Subcase 2. \(v\) has \(1\) edge in \(E(S) \cap E(P_{j})\).
In this subcase, \(v\) has \(2\) edges in \(E(V(Q), S)\). Let \(v_{1}\), \(v_{2} \in Q\) be the \(2\) vertices, which are adjacent to \(v\). And \(v_{3}\in S\) be the vertex which is adjacent to \(v\). Let \(v_{4} \in Q_{t}\) and \(v_{5} \in Q_{s}\), which are adjacent to \(v\).
Since the edge \(e(v_{4},v)\) is in a triangle, we may let \(v_q\) be such that \(vv_{4}v_{q}\) is a triangle. Thus \(v_{q}\) is a neighbor of \(v\), and so \(v_{q} \in \{ v_{i}|i = 1, 2, 3, 4, 5\}\). As proved before \(v_{q} \notin \{ v_{i}|i = 1, 2, 4, 5\}\) (as \(Q\), \(Q_{t}\), \(Q_{s}\) are different odd components, so any two of \(Q\), \(Q_{t}\), \(Q_{s}\) are not connected), so \(v_{q} = v_{3}\). For the same reason, \(v_{3}\) is connected to \(v_{5}\) in \(Q_{t}\). Since \(v_{3} \in V(P_{j})\), there exists a vertex \(v_{6} \in Q\) adjacent to \(v_{3}\). If \((v,v_{3})\) is connected to \(3\) different components, by Lemma 5, \((v, v_{3})\) is a removable vertex pair, yielding a contradiction.
Otherwise, the last neighbor \(v_{p}\) of \(v_{3}\) is in another odd component. Since the edge \(e(v_{3}, v_{p})\) is in a triangle, \(v_{3}\) must have another neighbor \(v_{q}\) which is adjacency to \(v_{p}\). As before \(v_{q} \notin \{ v_{i}|i = p , 4, 5, 6\}\). Thus \(v_q =v\), which implies that \(v\) has 6 neighbors, yielding a contradiction.
Subcase 3. \(v\) has \(2\) edge in \(E(S) \cap E(P_{j})\).
In this subcase, we assume that \(2\) vertices \(v_{1}\) and \(v_{2}\) are the neighbors of \(v\) and in \(S \cap V(P_{j})\). If one of the vertex in \(\{v, v_{1}, v_{2}\}\) is connected to at most 1 other odd component, then according to Lemma 4, then this vertex is removable, so \(Q\) is a first type of odd component, yielding a contradiction.

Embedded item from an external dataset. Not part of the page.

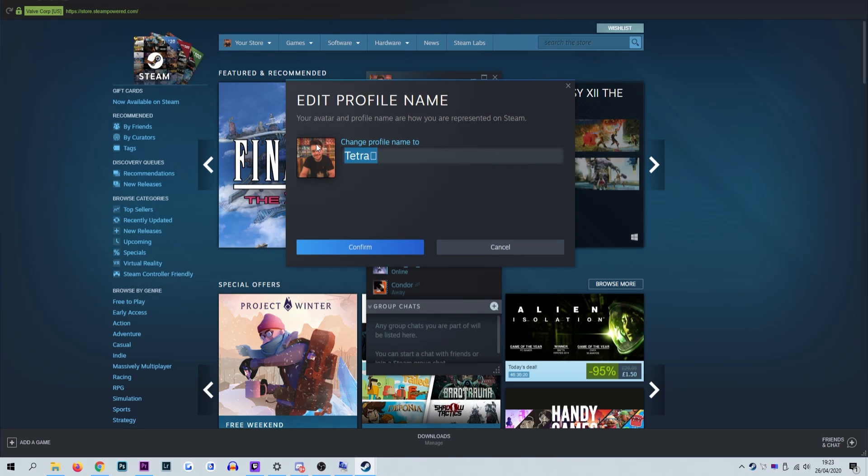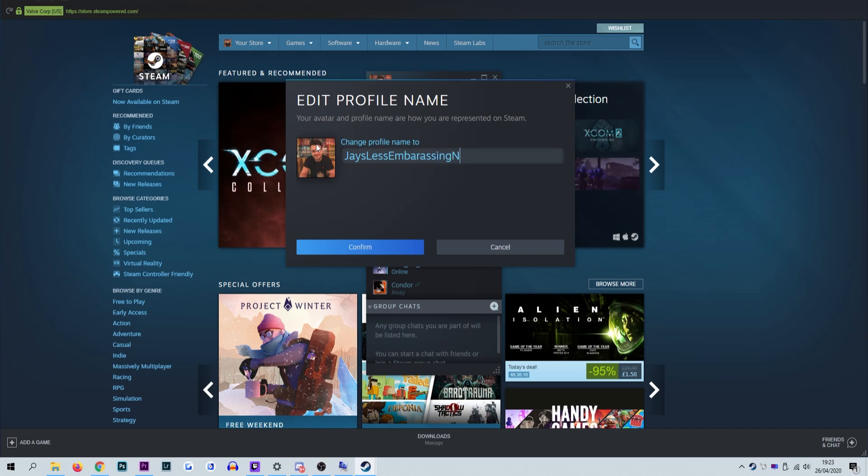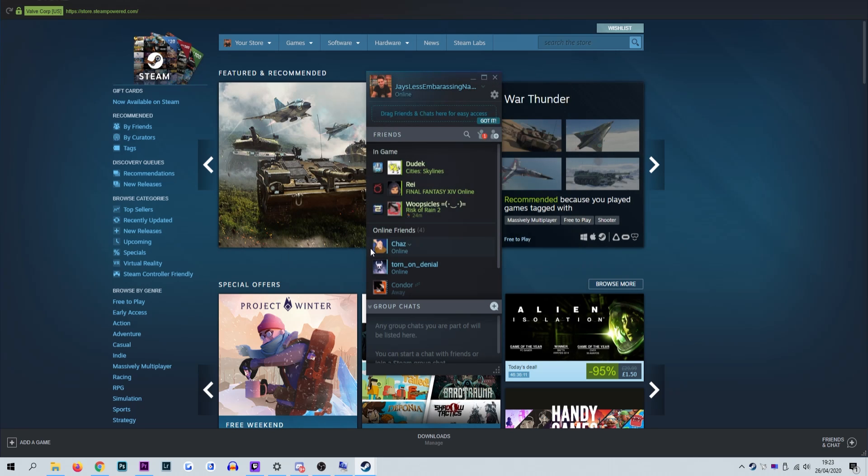The following page allows you to change your current profile name. Simply delete the old one and type your new name in. Once you have chosen a new name, simply click okay and the process is complete.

Next we may assume that \(v\) is connected to two odd components other than \(Q\). and \(v_{i} \in \{v_{1}, v_{2}\}\) is connected to three odd components other than \(Q\). Let \(e_{1}\), \(e_{2}\) and \(e_{3}\) be the edges joining \(v_{i}\). Without loss of generality, we may assume there is an edge \(e_{j}\) connected to \(e_{1}\). As we proved before, the third vertex of the triangle containing \(e_{1}\) must be \(v\). So \(v\) has a neighbor in this component outside of \(P_{j}\). Similar results hold for \(e_{2}\) and \(e_{3}\). Thus we have 3 neighbors of \(v\) outside of \(P_{j}\). This together with \(d_{p_{j}}(v)=3\) shows that \(v\) has six neighbors, yielding a contradiction.
In conclusion, we have just shown that every vertex in \(\{v, v_{1}, v_{2}\}\) is connected to \(Q\) and 2 other odd components. Therefore, \(P_j\) has a 2-claw substructure.
Subcase 4. \(v\) has \(3\) edges in \(E(S) \cap E(P_{j})\).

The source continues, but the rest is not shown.